‘Hazzaa’s mission a prelude to many UAE space expeditions’ - GulfToday

‘Hazzaa’s mission a prelude to many UAE space expeditions’

Henry Jacob


Senior Assistant Editor, Gulf Today

Senior Assistant Editor, Gulf Today


Al Mansoori returned to earth aboard the Soyuz MS-12, along with Nick Hague and Aleksey Ovchinin.

“The triumphal return of Hazzaa Al-Mansoori from the International Space Station was an event to behold. The United Arab Emirates is a country of merely 50 years. To have elected to send one of its citizens on one of the most sophisticated of all missions is something to ponder,” remarked reputed Egyptian-American space scientist and geologist Dr Farouk El-Baz.

“I happen to have met three times in the early 1970s with the father of the nation Sheikh Zayed Bin Sultan Al Nahyan. The first time in 1974 I was alone, the second a year later with an Apollo 15 astronaut who walked on the Moon, and in 1976 with the whole American crew of the Apollo-Soyuz mission of 1975. During such meetings he showed great interest in all aspects of such complex missions. More importantly, he would ask me to convey all the excitement and new knowledge to students first at high schools and later to college students. He would also insist on my going to both the boys’ and the girls’ schools.”

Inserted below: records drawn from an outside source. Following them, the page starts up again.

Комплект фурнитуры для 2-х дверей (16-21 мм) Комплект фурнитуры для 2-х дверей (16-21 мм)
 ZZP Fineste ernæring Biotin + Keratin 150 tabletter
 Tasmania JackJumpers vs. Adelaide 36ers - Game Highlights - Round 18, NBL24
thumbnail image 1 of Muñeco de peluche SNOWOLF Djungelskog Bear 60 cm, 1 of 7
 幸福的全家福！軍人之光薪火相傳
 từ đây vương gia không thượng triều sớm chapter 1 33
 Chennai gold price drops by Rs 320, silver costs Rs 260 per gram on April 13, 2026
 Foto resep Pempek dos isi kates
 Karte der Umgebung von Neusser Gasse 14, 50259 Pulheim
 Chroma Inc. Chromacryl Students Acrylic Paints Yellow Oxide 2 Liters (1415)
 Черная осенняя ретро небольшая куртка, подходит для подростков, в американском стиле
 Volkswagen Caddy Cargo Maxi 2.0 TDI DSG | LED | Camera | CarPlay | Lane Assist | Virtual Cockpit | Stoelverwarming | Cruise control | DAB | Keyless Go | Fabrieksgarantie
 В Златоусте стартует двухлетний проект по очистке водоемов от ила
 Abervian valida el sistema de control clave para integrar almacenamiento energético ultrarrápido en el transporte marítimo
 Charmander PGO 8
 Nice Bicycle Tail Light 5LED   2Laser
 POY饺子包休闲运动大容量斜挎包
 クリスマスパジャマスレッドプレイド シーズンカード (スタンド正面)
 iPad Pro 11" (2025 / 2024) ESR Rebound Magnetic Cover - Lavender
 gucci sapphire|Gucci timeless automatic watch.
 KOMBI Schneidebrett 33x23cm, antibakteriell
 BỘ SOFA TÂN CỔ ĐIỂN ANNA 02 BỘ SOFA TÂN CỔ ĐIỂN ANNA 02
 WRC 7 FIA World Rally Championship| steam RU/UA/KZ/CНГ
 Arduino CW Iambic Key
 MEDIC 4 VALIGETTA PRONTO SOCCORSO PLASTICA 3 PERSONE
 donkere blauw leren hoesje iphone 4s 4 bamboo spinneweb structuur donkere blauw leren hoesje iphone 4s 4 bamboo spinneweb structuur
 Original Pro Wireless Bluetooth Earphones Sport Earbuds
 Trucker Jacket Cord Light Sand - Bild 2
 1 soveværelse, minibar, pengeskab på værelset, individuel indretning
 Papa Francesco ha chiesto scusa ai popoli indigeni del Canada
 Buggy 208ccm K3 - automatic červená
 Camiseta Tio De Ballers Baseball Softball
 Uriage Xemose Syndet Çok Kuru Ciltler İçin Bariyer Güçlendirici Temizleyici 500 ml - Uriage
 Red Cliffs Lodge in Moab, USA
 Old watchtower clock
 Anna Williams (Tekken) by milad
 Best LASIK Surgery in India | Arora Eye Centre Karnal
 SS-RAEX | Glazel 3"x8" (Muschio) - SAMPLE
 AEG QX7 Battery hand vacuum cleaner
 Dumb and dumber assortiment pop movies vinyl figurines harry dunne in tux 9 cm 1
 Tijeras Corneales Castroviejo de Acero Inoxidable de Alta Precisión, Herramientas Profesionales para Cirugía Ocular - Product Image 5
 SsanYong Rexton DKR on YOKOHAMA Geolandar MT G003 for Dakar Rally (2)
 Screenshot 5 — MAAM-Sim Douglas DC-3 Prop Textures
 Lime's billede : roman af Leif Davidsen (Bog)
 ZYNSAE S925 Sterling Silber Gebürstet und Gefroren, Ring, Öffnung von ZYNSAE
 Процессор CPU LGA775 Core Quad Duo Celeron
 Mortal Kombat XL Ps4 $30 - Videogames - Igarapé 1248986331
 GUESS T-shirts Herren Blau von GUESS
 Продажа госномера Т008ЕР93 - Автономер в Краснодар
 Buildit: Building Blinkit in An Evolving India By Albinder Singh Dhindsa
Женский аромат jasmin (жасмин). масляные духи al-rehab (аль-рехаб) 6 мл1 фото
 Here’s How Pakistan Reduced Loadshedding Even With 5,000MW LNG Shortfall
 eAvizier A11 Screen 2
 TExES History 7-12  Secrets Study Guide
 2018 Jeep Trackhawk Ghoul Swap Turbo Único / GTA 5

“From what I personally know from the present leadership of the UAE, particularly from His Highness Sheikh Mohammed Bin Rashid Al Maktoum, Vice President, Prime Minister and Ruler of Dubai, this is only a prelude to many more missions into space.

“In the year of the 50th anniversary we expect the launch of a UAE designed and built AMAL spacecraft. The latter will head to the upper atmosphere of planet Mars, about which the international scientific community knows little. Thus, the UAE will join the space-exploring nations to add to our knowledge of the heavens.”

Interestingly, the National Aeronautics and Space Administration (Nasa) has named a newly discovered asteroid after Dr El-Baz. The asteroid, called El Baz, honours the pioneering achievements of the famed space scientist.

Dr El-Baz was caught unawares by the honour. “Yes the naming of an asteroid was an incredible surprise and a very great honour indeed.

It was done by the International Astronomical Union (IAU), which is the only organisation charged with the naming of plants and planetary features. The IAU informed Nasa formally as it is the agency that produces maps of approved names of planets and planetary features.”

Dr Farouk El-Baz was Director of the Center for Remote Sensing at Boston University. He retired this year and left the directorship of the centre to one of his students.

He is Adjunct Professor of Geology at the Faculty of Science, Ain Shams University in Cairo, Egypt.

Earlier Dr El-Baz had remarked, “Hazzaa is himself a fine jet pilot. His mission will be a landmark one in the annals of the modern Arab world. I know that he will do a fine job representing the youth of the UAE and the rest of the Arab world.”